*Task prompt*
Write out exactly, with both ends included, the lines that run from the line containing "Lavoro dopo la" to the end of the entries. Pictures are not part of the answer.

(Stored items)
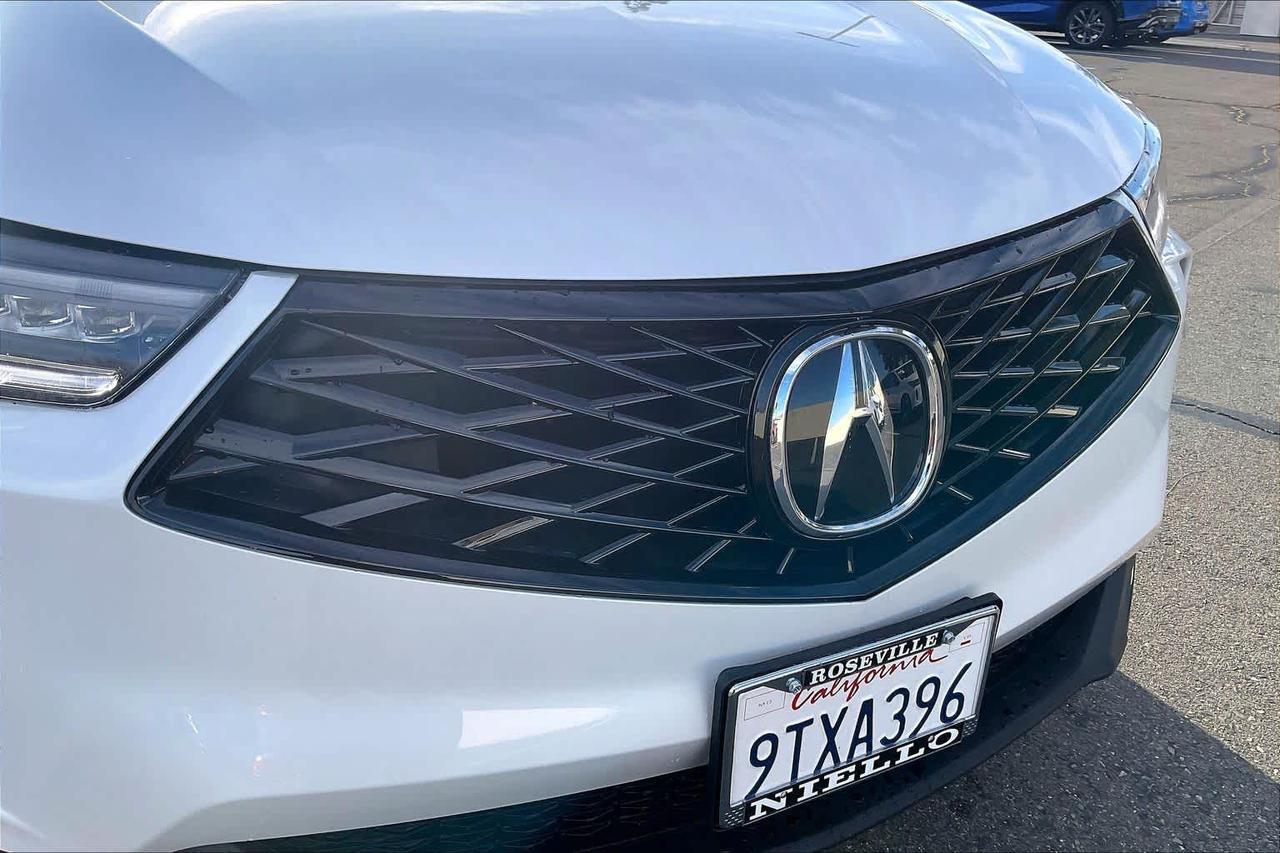 2025 Acura RDX Roseville CA
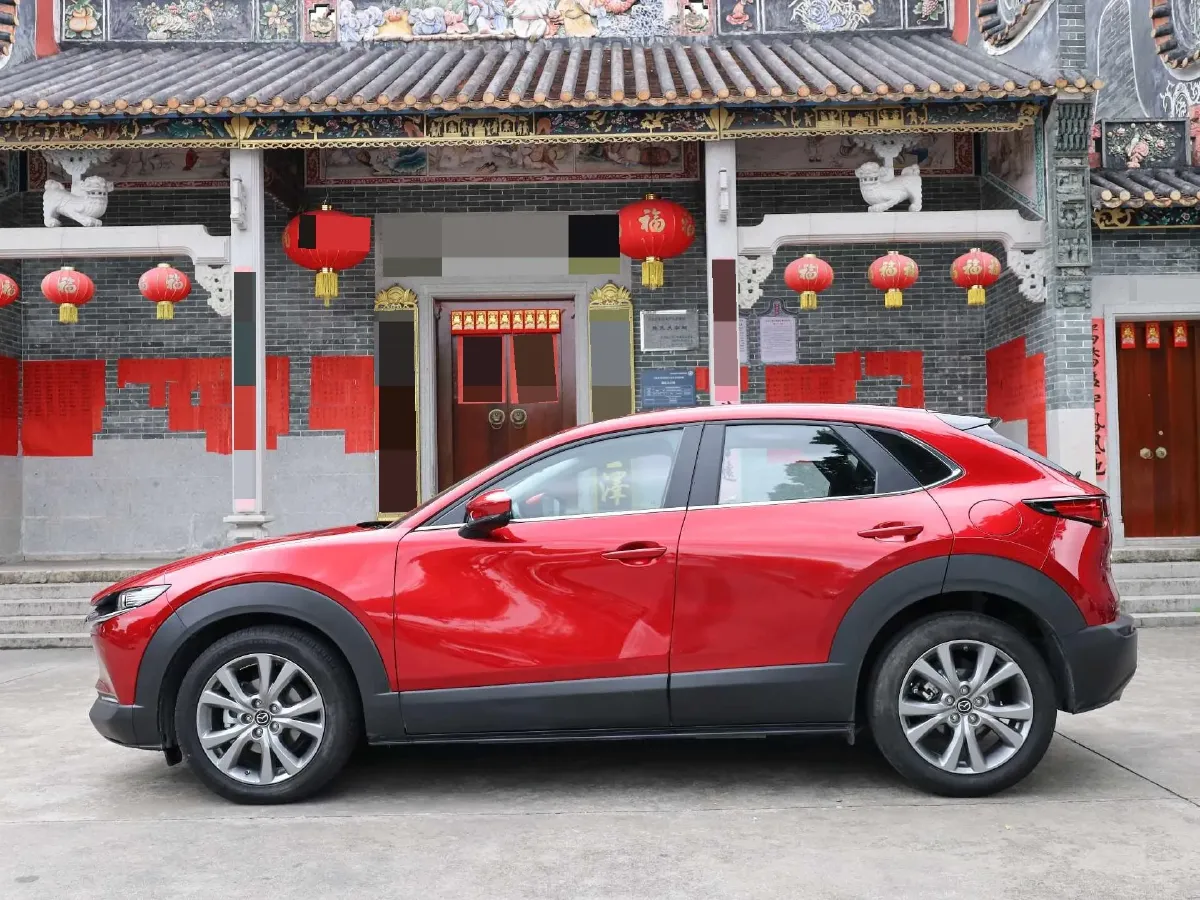 2022 Mazda CX-30 2.0L 158HP L4 6AT,autocango,china used car exporter,china ev exporter,chinese used car exporter,chinese used ev exporter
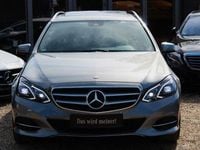 Gebraucht Mercedes E200 Avantgarde 136 PS (100 kW) 2013 Grau Limousine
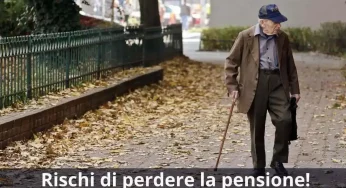 Lavoro dopo la pensione: attento alle nuove regole, l’assegno fa una brutta fine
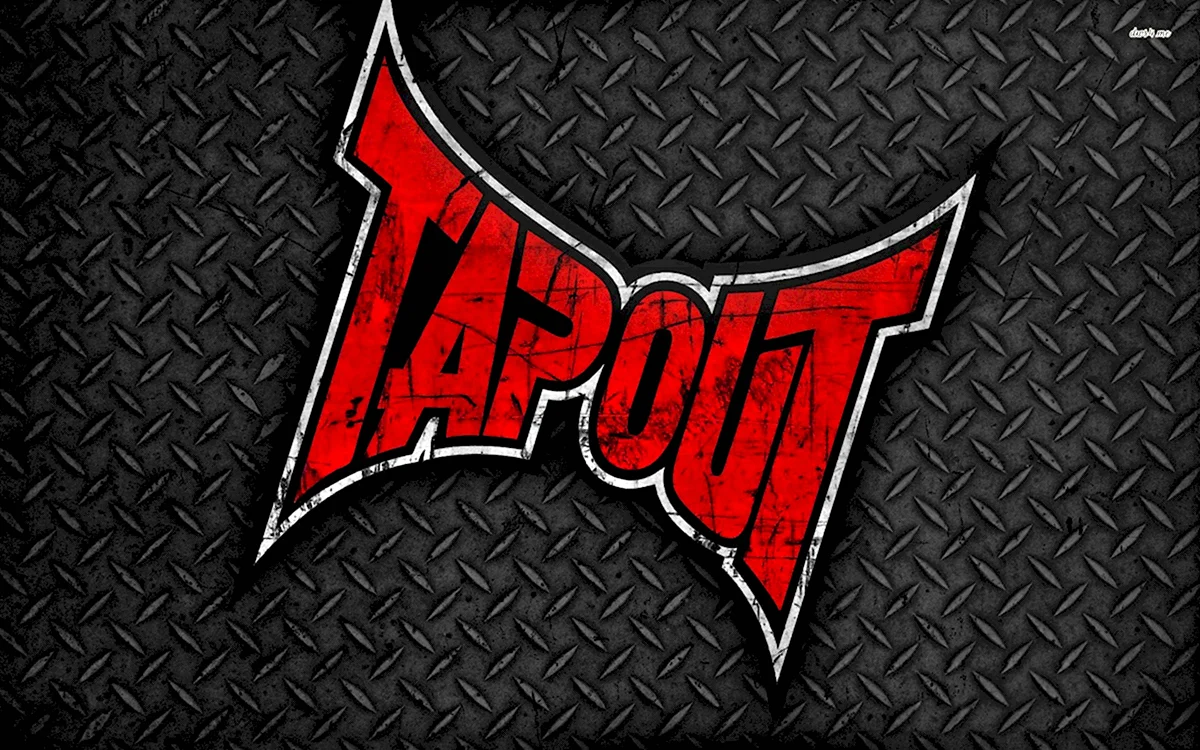 Tapout логотип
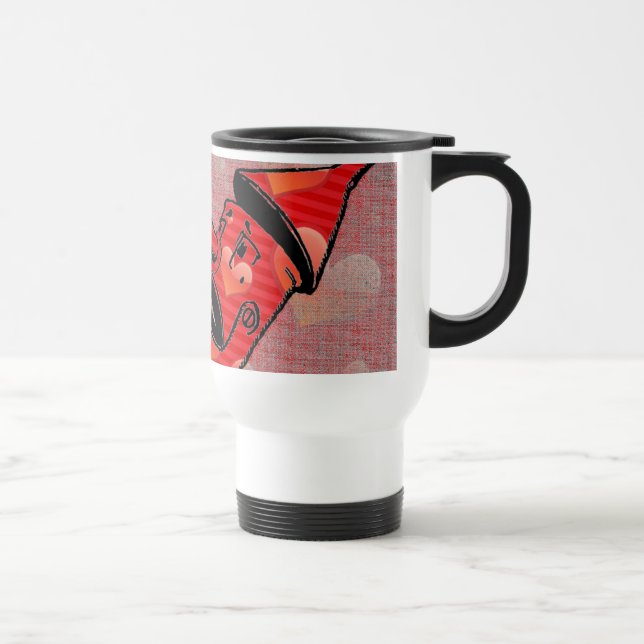 Tin Man Travel Mug Reisebecher (Rechts)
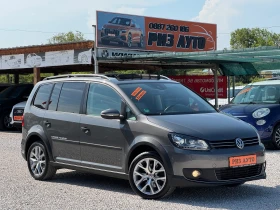     VW Touran CROSS* 2.0TDI* PANORAMA* FULL* PODGREV* 6sk* 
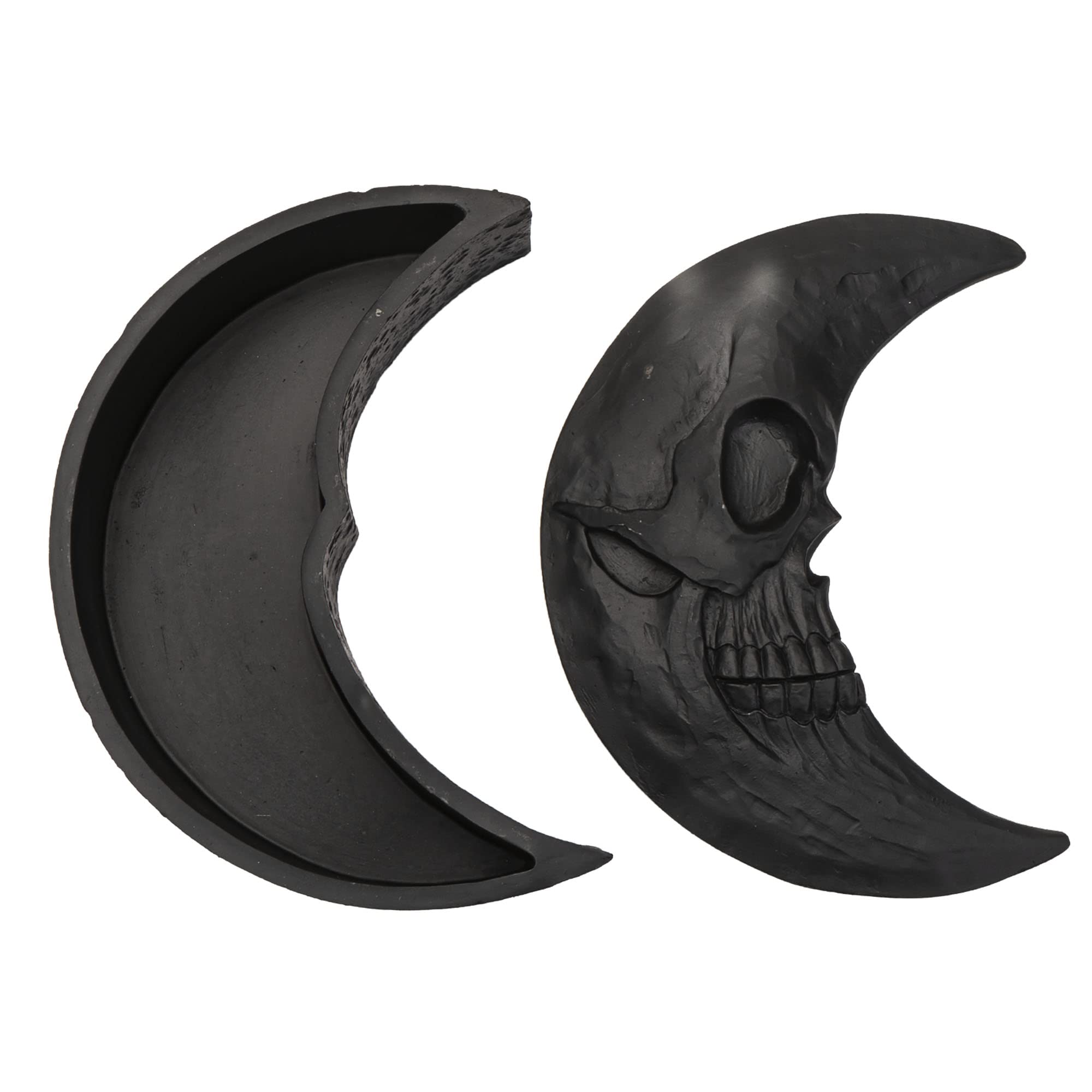 Cestino in feltro gattino nero di Halloween – Lo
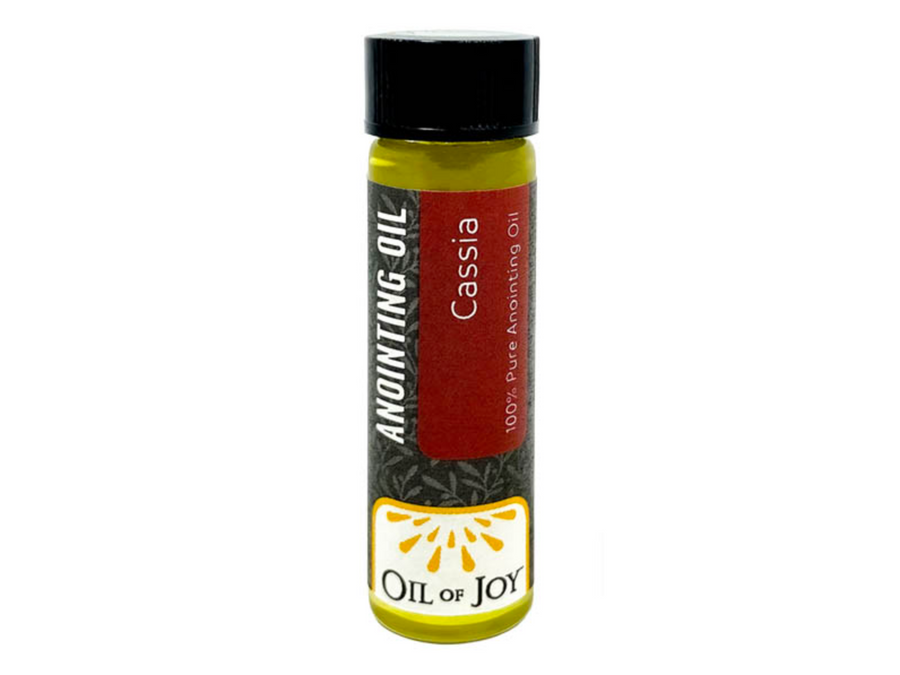 1/4 oz Cassia Anointing Oil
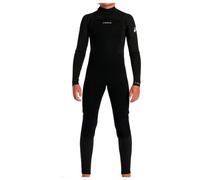 Quiksilver - Boy's 4/3 Prologue Back Zip GBS - Wet suit size 8, black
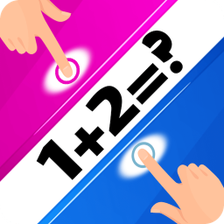 2 players math games online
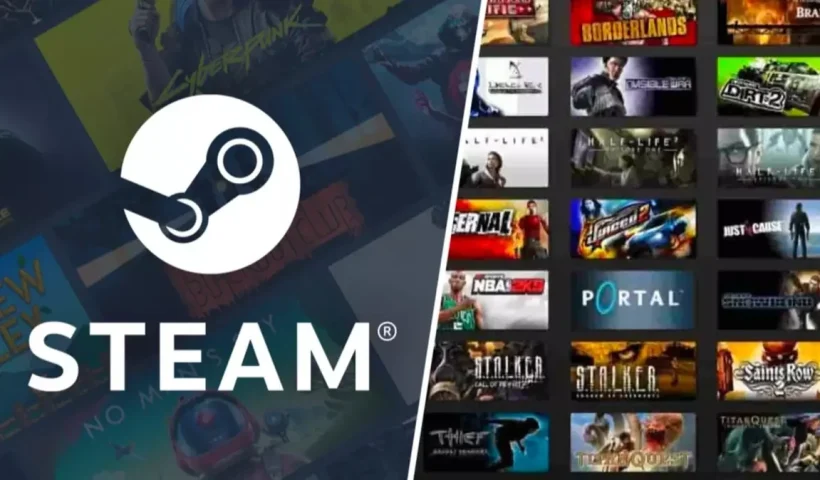 8 Free Steam Games You Can Download and Keep Forever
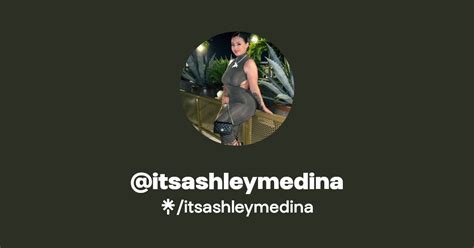 itsashleymedina creator profile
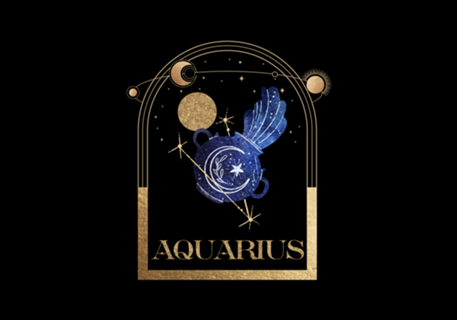 Linha Signos - Aquário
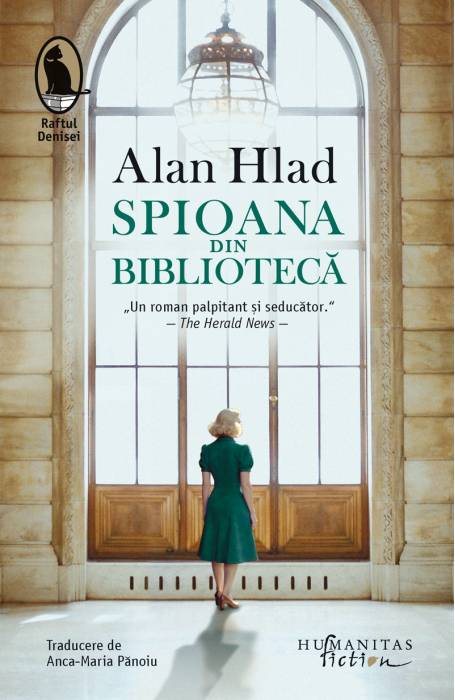SPIOANA DIN BIBLIOTECA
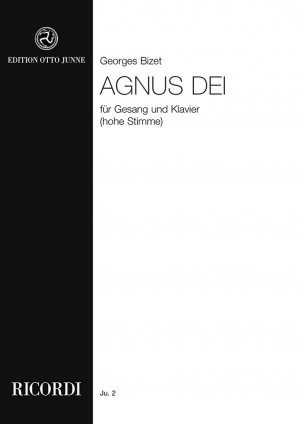 neues Buch – Agnus Dei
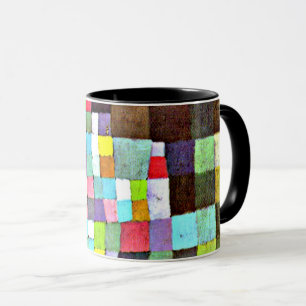 Klee - Abstraktion mit Verweis... Tasse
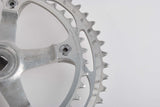 Shimano 105 Golden Arrow #FC-A105 crankset with chainrings 42/52 teeth and 170mm length from 1983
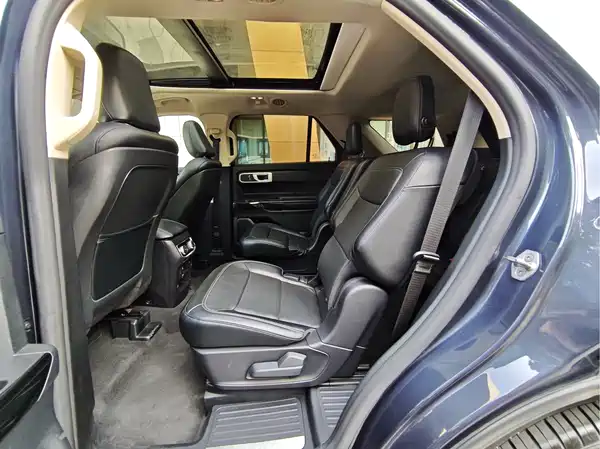 Ford Explorer 2020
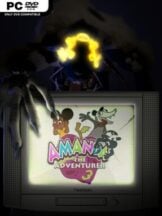 Amanda the Adventurer 3 Free Download (v1.0.12) - PC Game on SteamUnlocked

*Solution to the exercise*
 Lavoro dopo la pensione: attento alle nuove regole, l’assegno fa una brutta fine
 Tapout логотип
 Tin Man Travel Mug Reisebecher (Rechts)
     VW Touran CROSS* 2.0TDI* PANORAMA* FULL* PODGREV* 6sk* 
 Cestino in feltro gattino nero di Halloween – Lo
 1/4 oz Cassia Anointing Oil
 Quiksilver - Boy's 4/3 Prologue Back Zip GBS - Wet suit size 8, black
 2 players math games online
 8 Free Steam Games You Can Download and Keep Forever
 itsashleymedina creator profile
 Linha Signos - Aquário
SPIOANA DIN BIBLIOTECA
 neues Buch – Agnus Dei
 Klee - Abstraktion mit Verweis... Tasse
 Shimano 105 Golden Arrow #FC-A105 crankset with chainrings 42/52 teeth and 170mm length from 1983
 Ford Explorer 2020
 Amanda the Adventurer 3 Free Download (v1.0.12) - PC Game on SteamUnlocked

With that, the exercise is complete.